Do you know the best type of leather strap for automatic watch? I am refering to croc, alligator, ostrich etc....

Does anyone use those leather types? which leather is more durable?


----------



## wylde21 (Jul 2, 2006)

Based on my usage for homemade sheaths, and research: Good quaility cowhide is the best overall leather to use for these types of items. This catagory would include steer- and bull- hides, but those would probably be too thick for a watchband (at least the ones ive seen). Sheep and lambskin - "napa" leathers - are too soft and don't wear well. Beware "buffalo" hide, as it is usually cheaper water buffalo hide from Asia. I hear that american buffalo hide (really Bisonhide) is strong, but I've not worked with it, and it is also relatively think...like the bullhide/steerhide. Some goatskin is tough, but alot is cheap (from Asia), and good stuff is stiffer than good cowhide.
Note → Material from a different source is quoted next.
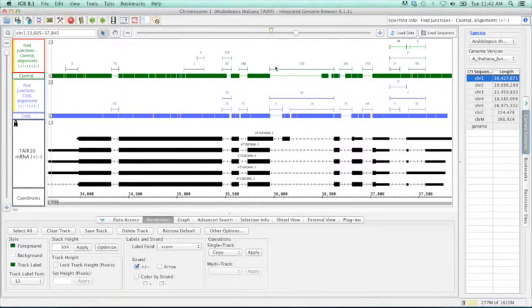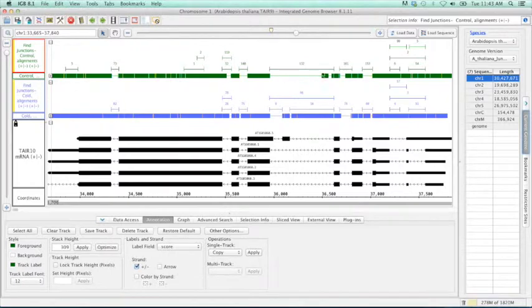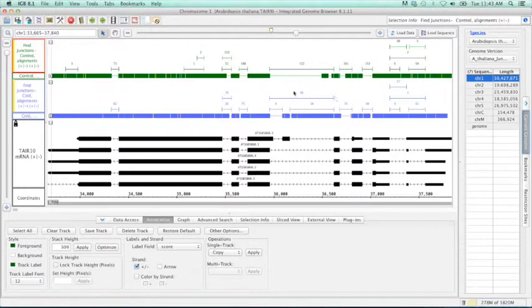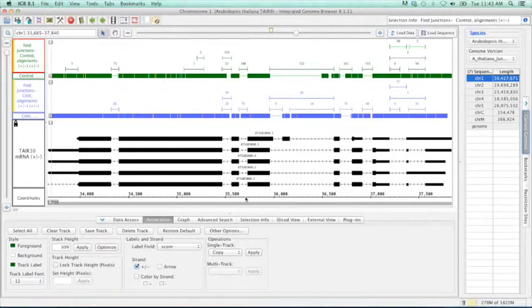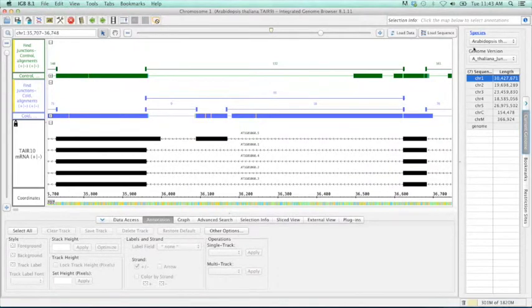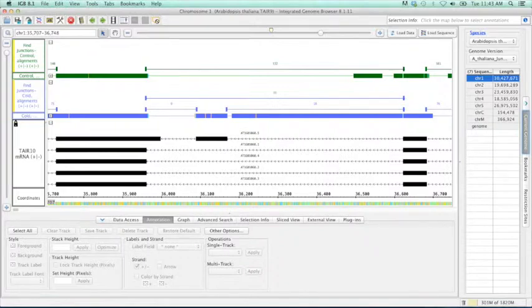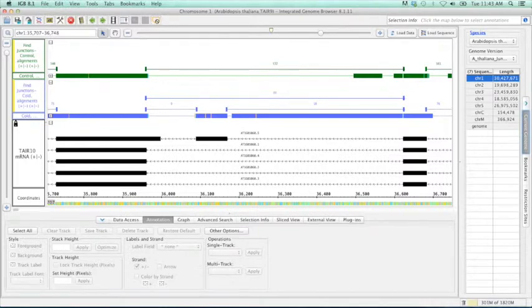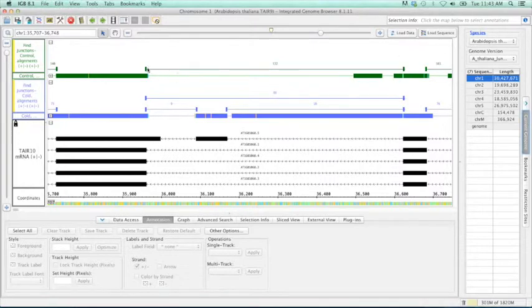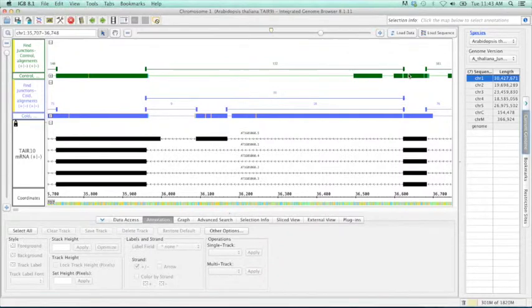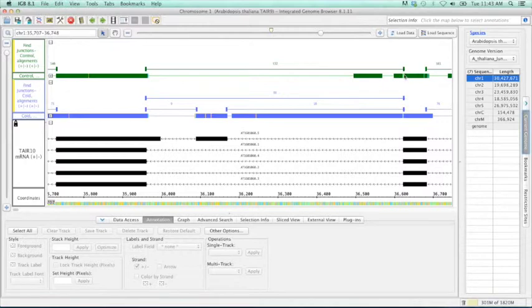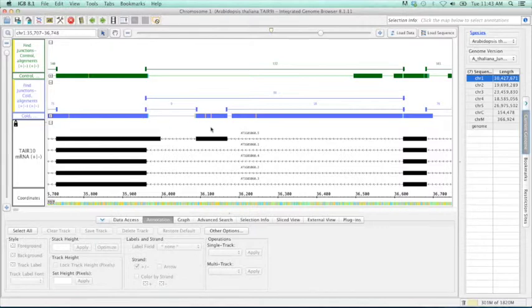We can go through this and quickly tell how many reads are there that support each individual junction. This is kind of an interesting example right here. Here we can see in our control we have 132 reads which support no exon within this region. Whereas in our experimental we have 86 that support no exon within this region. But then we have 9 and 16 which support this one. So let's zoom in here and take a closer look. What exactly do those numbers refer to?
Croc/aligator/caymen and some lizard hide are strong, but hard to get. Some (most?) lizard and snake skins are too weak and/or hard to work for sheaths....or watchbands, I think. Stay away from pigskin and bonded leathers....just too weak/cheap. I hear great things about kangaroo leather, but have never used it. I know it's illegal in California....not sure why.

So, I would recommend cowhide, overall. Croc is fancy, but much more expensive and doesn't breath as well as cowhide. Be sure to get good quality full grain leather.


----------



## Hans (Jul 2, 2006)

wylde21 said:


> I hear great things about kangaroo leather, but have never used it. I know it's illegal in California....not sure why.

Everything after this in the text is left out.